Surgery, the treatment of last resort, is performed if the patient has toxic megacolon, if she fails to respond to drugs and supportive measures, or if she finds signs and symptoms unbearable.

The most common surgical technique is proctocolectomy with ileostomy. Total colectomy and ileorectal anastomosis is done less often because of its mortality (2% to 5%). This procedure is done to remove the entire colon and anastomose the rectum and terminal ileum. It requires observation of the remaining rectal stump for any signs of cancer or colitis.

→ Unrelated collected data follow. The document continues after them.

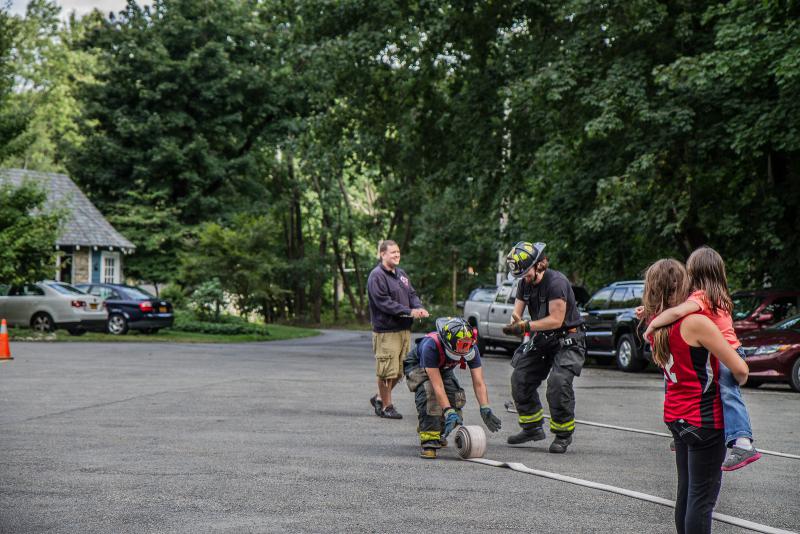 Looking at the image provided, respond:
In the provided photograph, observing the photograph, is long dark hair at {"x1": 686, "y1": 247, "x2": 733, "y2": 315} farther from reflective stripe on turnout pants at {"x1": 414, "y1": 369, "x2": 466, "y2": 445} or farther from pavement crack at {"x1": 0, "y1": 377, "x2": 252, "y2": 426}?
pavement crack at {"x1": 0, "y1": 377, "x2": 252, "y2": 426}

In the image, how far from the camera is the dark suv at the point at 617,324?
74.4 ft

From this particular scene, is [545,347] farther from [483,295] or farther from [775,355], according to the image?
[483,295]

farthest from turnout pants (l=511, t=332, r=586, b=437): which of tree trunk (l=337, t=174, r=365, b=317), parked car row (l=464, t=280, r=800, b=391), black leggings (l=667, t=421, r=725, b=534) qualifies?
tree trunk (l=337, t=174, r=365, b=317)

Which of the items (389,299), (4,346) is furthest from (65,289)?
(389,299)

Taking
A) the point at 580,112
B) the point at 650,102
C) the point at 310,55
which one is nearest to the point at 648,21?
the point at 650,102

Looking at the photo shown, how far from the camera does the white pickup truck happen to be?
2678 cm

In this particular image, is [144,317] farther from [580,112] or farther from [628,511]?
[628,511]

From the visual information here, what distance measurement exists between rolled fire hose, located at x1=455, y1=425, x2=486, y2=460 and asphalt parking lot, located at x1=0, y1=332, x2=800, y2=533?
0.66ft

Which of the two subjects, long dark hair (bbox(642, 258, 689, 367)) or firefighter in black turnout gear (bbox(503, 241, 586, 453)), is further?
firefighter in black turnout gear (bbox(503, 241, 586, 453))

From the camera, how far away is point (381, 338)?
1198cm

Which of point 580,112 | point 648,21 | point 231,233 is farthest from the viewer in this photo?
point 231,233

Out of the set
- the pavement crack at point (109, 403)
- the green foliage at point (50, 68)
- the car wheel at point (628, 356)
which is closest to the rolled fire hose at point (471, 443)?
the pavement crack at point (109, 403)

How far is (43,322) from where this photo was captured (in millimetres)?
29938

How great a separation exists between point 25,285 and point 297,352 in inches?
346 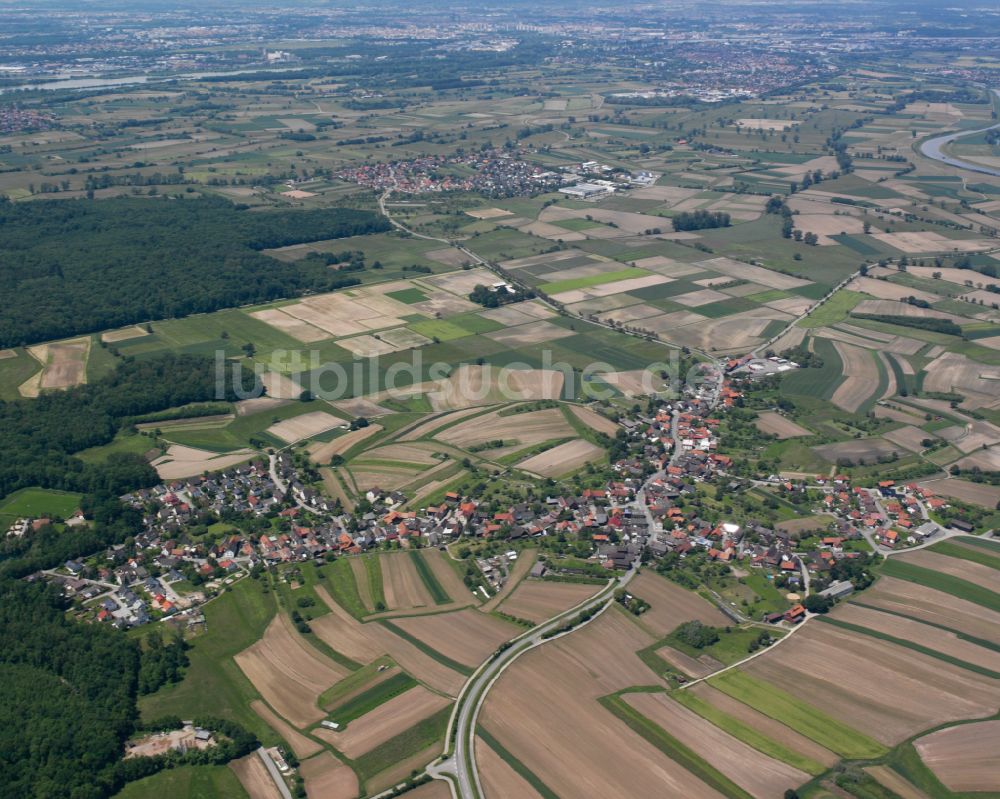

Pouch ileostomy, in which a pouch is created from a small loop of the terminal ileum and a nipple valve is formed from the distal ileum, is gaining popularity. The resulting stoma opens just above the pubic hairline; the pouch empties through a catheter inserted in the stoma several times a day. In ulcerative colitis, colectomy to prevent colon cancer is controversial.

Ileoanal reservoir is a surgery that preserves the anal sphincter and provides the patient with a reservoir made from the ileum and attached to the anal opening. The procedure is performed in two steps. First, the rectal mucosa is excised. An abdominal colectomy is performed; then a reservoir is constructed and attached. After that, a temporary loop ileostomy is created to allow the new rectal reservoir to heal. Finally, the loop ileostomy is closed after a 3- or 4-month waiting period. Stools from the reservoir are similar to stools from an ileostomy.